Собственное его молчание не может почитаться следствием скромности, а более сметливости: он выказывал только то, что в состоянии были оценить; истинные же сокровища ума своего ему не перед кем было расточать.
Происхождение его мало известно; кажется, он должен быть сыном нового, мелкого, бедного дворянина. Природа сама указала ему путь, на котором он встретился с Фортуной; потому-то он мало заботился о службе. Но в России, особливо лет пятьдесят тому назад, никак нельзя было оставаться без чина, и его куда-то записали. Неимущий, беспечный юноша, он долго не имел собственного угла и всегда гостил у кого-нибудь. Таким образом попал он к князю Голицыну и жил у него уже года два до нашей встречи. Он сопутствовал ему в армию в звании частного секретаря, надеялся за границей получить новые впечатления, приобрести новые познания; но неблагоприятный оборот, который взяли дела его патрона, заставил его с ним вместе укрыться в деревне.
В тучном теле его обращалась кровь не столь медленно как ныне, в нём было более живости, даже более воображения; но уже тогда был он замечателен неопрятностью, леностью и обжорством. В этом необыкновенном человеке были положены зародыши всех талантов, всех искусств. Природа сказала ему: выбирай любое, и он начал пользоваться её богатыми дарами, сделался поэт, хороший музыкант, математик. Скоро тяжестью тела как бы прикованный к земле и самым пошлым её удовольствиям, его ум стал реже и ниже парить. Одного ему дано не было: душевного Жара, священного огня, коим согрелась, растопилась бы сия масса, поглотившая у нас столь много наслаждений. Мы дивимся, мы восхищаемся тем, что ускользнуло от могущества плоти: что бы мы увидели, если б она могла быть побеждена!
Крылова называют русским Лафонтеном; тот и другой первые баснописцы в своей земле; но как поэт, мне кажется, француз стоит выше. Как он бывает иногда трогателен, увлекателен, например в басне: «Два Голубя»! Читая его, никто не спросит: был ли он добрый человек? Всякий это почувствует. Если б о Крылове мне сделали сей вопрос, то я должен бы был отвечать отрицательно. Чрезмерное себялюбие, даже без злости, нельзя назвать добротой; в деяниях Крылова, в его, разговорах был всегда один только расчёт; в его стихах чистота, стройность и размер, везде ум, нигде не проглянет чувство, а ум без чувства тоже что свет без теплоты. Человек этот никогда не знал ни дружбы, ни любви, никого не удостаивал своего гнева, никого не ненавидел, ни о ком не жалел. Никогда не вспоминал он о прошедшем, никогда не радовался ни славе нашего оружия, ни успехам просвещения; если он и завидовал другим знаменитым современным нашим писателям, то разве в тайне; был с ними приветлив, но никогда их не читал, никогда не хотел говорить о их сочинениях.
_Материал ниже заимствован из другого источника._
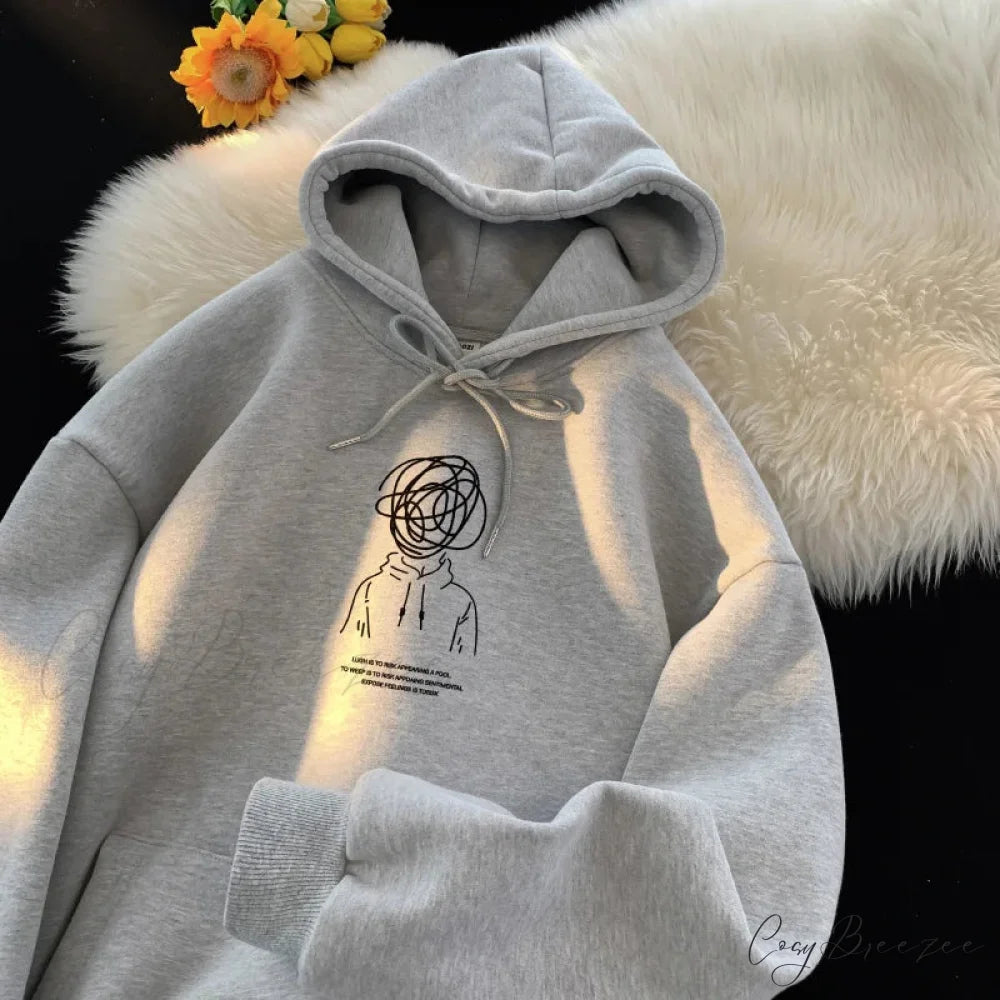 Cartoon Brainstorm Print Hip Hop Hoodie hoodies-241228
Единственную страсть, или лучше сказать что-то похожее на нее, имел он к карточной игре, но и в ней был всегда осторожен и всегда презирал игроков, с коими однако же прожил век. Две трети столетия прошел он один сквозь несколько поколений, одинаково равнодушный как к отцветшим, так и к зреющим.
С хозяевами домов, кои, по привычке, он часто посещал, где ему было весело, где его лелеяли, откармливали, был он очень ласков, любезен; но если печаль какая их постигала, он неохотно ее разделял. Если б его спросили, какое слово в русском языке ему кажется нежнейшим, то я уверен, что он бы отвечал: кормилец мой. Что делать! Видно, сердце у него в желудке; из сего источника почерпнул он большую часть своих мыслей, и надобно сказать правду, он им не худо был вдохновен.
Тот, кто остается чужд житейских бурь, кто на страсти людей, благородные или пагубные, смотрит с улыбкою презрения, тот не должен иметь их слабостей, а еще менее их предрассудков. Но таковы несообразности в каждом из нас, такое несогласие бывает между рассудком и наклонностями, что не сыщется ныне человека, который бы более Крылова благоговел перед высоким чином или титулом, в глазах коего сиятельство или звезда имели бы более блеска. Положим, это следствие господствовавшего прежде мнения, под влиянием коего он вырос, и я очень далек, чтобы видеть тут что-нибудь худое; но зачем же богатство имеет равное право на его почтительную нежность? Отчего же такое жестокое невнимание ко всем, кто обижен не природой, а Фортуной? Где же твердый муж? Где же философ? Надобно было видеть в Казацком его умное, искусное, смелое раболепство с хозяевами; надобно было видеть, как он сам возбуждал их к шуткам, как часто в угождение им трунил над собою.
Грустно это вспомнить, а еще грустнее подумать, что на нём выпечатан весь характер простого русского народа, каким сделали его Татарское иго, тиранство Иоанна, крепостное над ним право и железная рука Петра. Часто этот народ должен трепетать перед тем, что он презирает, и если Крылов — верное изображение его недостатков, то он же и представитель его великих способностей. В простом языке его, который иногда употребляет он и в разговоре, из простых его изречений схватил он всё, что показывает его глубокомыслие, и без лишних украшений, без приправы, составил из них оригинальные свои творения, как славный повар из простых, но самых свежих припасов готовить вкусный стол, который может удовлетворить прихотям взыскательнейшего гастронома. Подобно восточным стихотворцам, в коих самовластие не могло заглушить таланта, но кои не дерзают явно говорить истину, решился и он ясным мыслям своим, верным наблюдениям дать форму аполога.
Несмотря на свою леность, он от скуки предложил князю Голицыну преподавать русский язык младшим сыновьям его и следственно и соучащимся с ними. И в этом деле показал он себя мастером. Уроки наши проходили почти все в разговорах; он умел возбуждать любопытство, любил вопросы и отвечал на них также толковито, также ясно, как писал свои басни. Он не довольствовался одним русским языком, а к наставлениям своим примешивал много нравственных поучений и объяснений разных предметов из других наук. Из слушателей его никого не было внимательнее меня, и я должен признаться, что если имею сколько-нибудь ума, то много в то время около него набрался.
Обхождением его со мной я был очень доволен: правда, он напоминал мне иногда о почтении, коим обязан я ребятам, молодым князьям, моим товарищам, что мне было весьма не по сердцу; но за то маленькому англичанину Личу при мне говаривал он, что ему не следует забываться передо мной, генеральским сыном.
Чтобы никого не пропустить из нашего деревенского общества, должен я назвать еще два лица: отставного капитана Таманского, побочного сына князя Сергия Федоровича, и живущую у княгини русскую барышню, Прасковью Андреевну, которые ничтожества свои, во время пребывания моего в Казацком, совокупили законными брачными узами.